Wagner's Dream: A Promotional "Documentary" For The Met
The film Wagner's Dream, a two-hour "documentary" by Susan Froemke made as a tool to promote the Metropolitan Opera's new production of Wagner's Der Ring des Nibelungen directed by Robert Lepage, was televised last night by PBS and contrary to the film's purpose it unwittingly served to reveal instead just why this appallingly expensive production of the Ring is the appalling artistic failure it is.
The film showed us the basic workings of Mr. Lepage's brainchild — the colossal $16M Frankenstein contraption we've previously labeled Le Machine — and the hugely complex controls and manipulations necessary to make it work, and spent most of the rest of the time showing us the performers learning to navigate its territory and adapt to its peculiarities without doing themselves lethal injury. There were also scenes showing the lead singers rehearsing their music, talking about their roles, and coming to grips with their insecurities; Met General Manager Peter Gelb doing his spiels; a few brief opera patron comments on the production; and a few visits with Met radio hosts Margaret Juntwait and William Berger doing their thing, and that was pretty much it for the film.

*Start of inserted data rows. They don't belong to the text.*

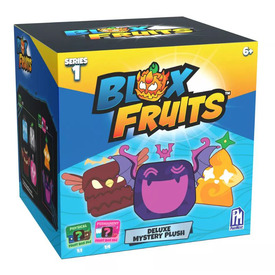 Blox fruits, plüss 20 cm-es figurák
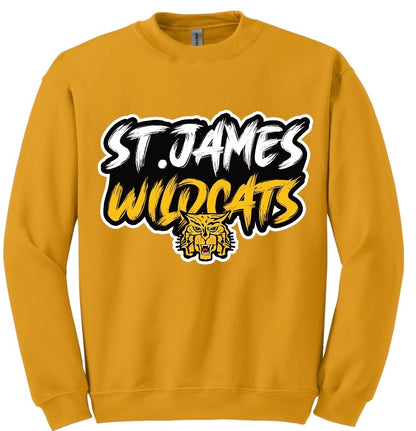 St. James Sweatshirts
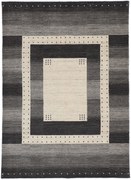 Loribaft Tappeto 170 x 240 (Indian) Annodato A Mano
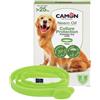 Orme Naturali Collare Antiparassitari Barriera per Cani Misura regolabile 75 cm - Antiparassitario per cani - 1° ORDINE? 20% di sconto SU BRAND ESCLUSIVI, codice BZR20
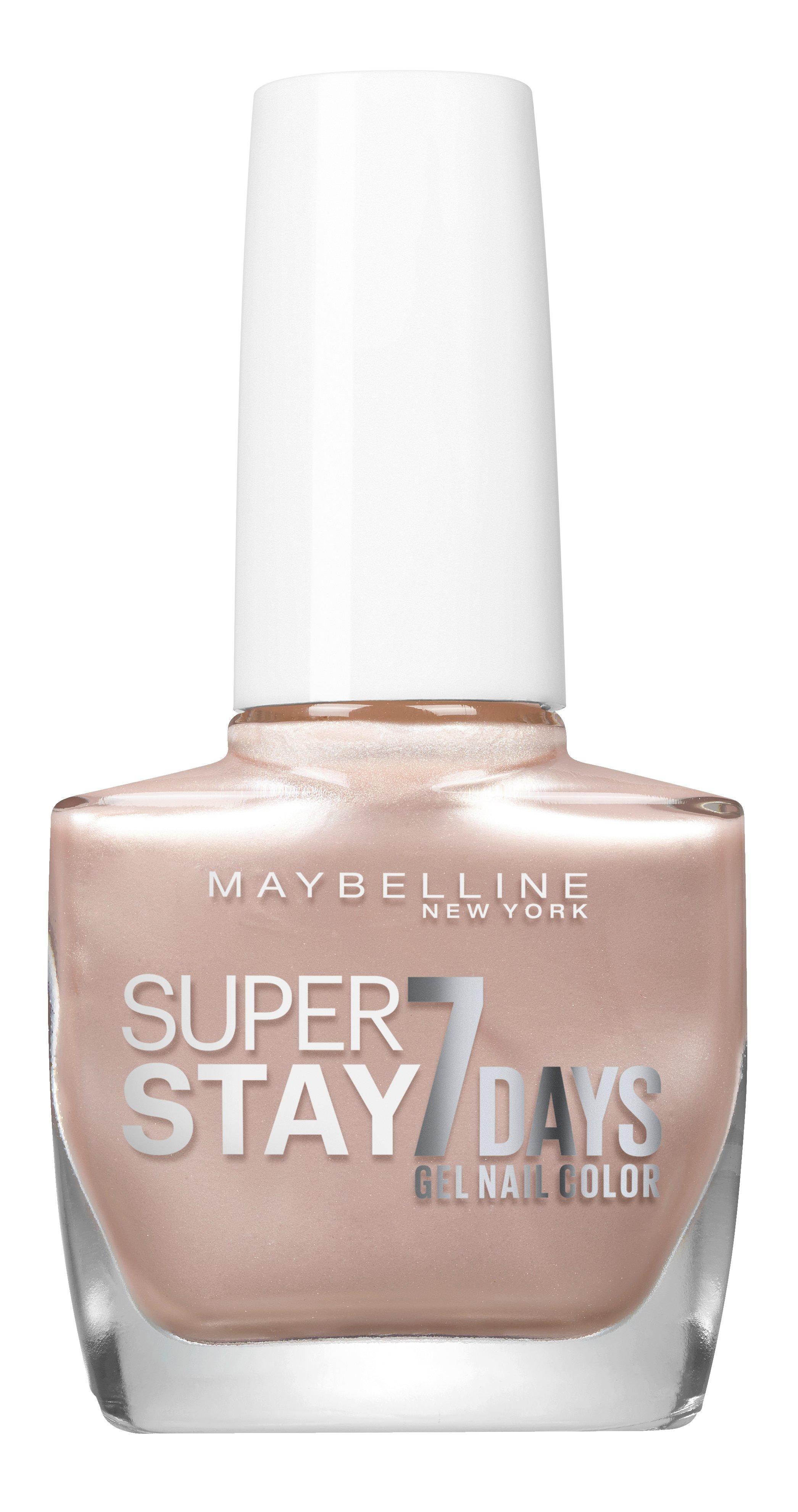 MAYBELLINE Super Stay 7 Days Superstay 7 Days City Nudes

Notice anything missing? Here's a clue: what's missing is what's missing in the actual production of the Ring itself: any semblance or hint of directorial shaping of the musico-dramatic realization of Wagner's cosmic vision by Monsieur Lepage. That, it seems, was left to the dictates and requirements of Le Machine and the whims and inclinations of the individual performers, each according to his or her wont.
Marvel ye not, then, at the production's appalling artistic failure.